Jakie zmiany w finansowaniu samorządów?

MF proponuje, aby ich dochody z tytułu udziału w podatku PIT i podatku CIT liczone były jako procent od dochodów podatników danego podatku z terenu danej JST, a nie jak obecnie od podatku należnego, czyli po odliczeniu ulg i zwolnień. Dodatkowo samorządy partycypowałyby w podatku PIT pobieranym w formie ryczałtu od przychodów ewidencjonowanych. Jak podkreśla się w uzasadnieniu, system taki jest niezależny od zmiany całego systemu podatkowego.

W projekcie proponuje się, by wysokość udziału w podatku PIT wynosiła dla gmin 7 proc., miast na prawach powiatu 8,6 proc., powiatów 2 proc. a województw 0,35 proc.

Dla podatku CIT wskaźniki te miałyby wynosić: dla gminy 1,6 proc., miasta na prawach powiatu 2,2 proc., powiatu 1,7 proc., a województwa 2,3 proc.

Do wyliczeń będą wykorzystywane najbardziej aktualne dane, które są dostępne, czyli za rok poprzedzający rok budżetowy o dwa lata.
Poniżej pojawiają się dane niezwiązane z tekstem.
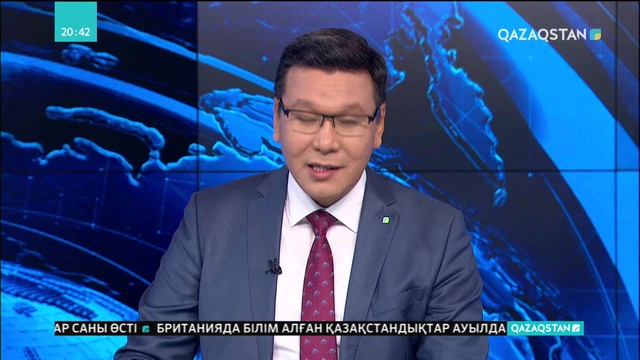 Ұлттық арнаға Паралимпиадалық Азия ойындарының жеңімпазы Сиязбек  Диясов сұхбат берді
Z tego wielkości użyte do wyliczeń mają być waloryzowane. W przypadku PIT proponuje się waloryzację wskaźnikiem dynamiki przeciętnego wynagrodzenia i dynamiki zatrudnienia, a dla CIT waloryzacja następowałaby dynamiką nominalnego PKB, uwzględniającego zarówno wzrost jak i inflację.

Jak zaznaczyło MF w Ocenie Skutków Regulacji, w efekcie wprowadzenia takich zmian w 2025 r. dochody wszystkich JST będą wyższe od tych, wyliczonych na podstawie dotychczasowych przepisów o 92,8 mld zł, czyli o prawie 85,4 proc.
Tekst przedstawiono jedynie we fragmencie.